La fusion des deux moyens de communication et des deux technologies (web et téléphonie mobile) a produit des changements spectaculaires dans de très nombreux domaines.

Au premier chef c’est dans le domaine économique que l’on assiste à une véritable rupture mais les transformations sont également visibles dans le domaine social ou sociétal et chacun d’entre nous en fait l’expérience dans sa vie quotidienne. Certains vont jusqu’à parler de l’avènement d’un nouveau modèle de civilisation, voire d’une révolution anthropologique tant nos comportements ont été profondément modifiés.

 

En effet, désormais notre attention est devenue un bien convoité et exploité par les plateformes. Citons l’auteur : « Le poisson rouge tourne dans son bocal. Il semble redécouvrir le monde à chaque tour. Les ingénieurs de Google ont réussi à calculer la durée maximale de son attention : 8 secondes. Ces mêmes ingénieurs ont évalué la durée d’attention de la génération des millenials, celle qui a grandi avec les écrans connectés : 9 secondes. »
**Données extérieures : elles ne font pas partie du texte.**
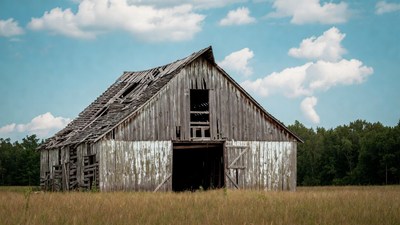 Old abandoned barn in field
Une minuscule seconde nous sépare du poisson rouge car toute information qui nous arrive est immédiatement recouverte par une autre, dès lors il s’agit de capter de manière instantanée notre attention pour déclencher désir, impulsion, émotion et surtout un réflexe d’achat de biens ou de services utiles ou inutiles.

La collecte des données personnelles a atteint un tel niveau de précision que la publicité est désormais un art du « sur-mesure ».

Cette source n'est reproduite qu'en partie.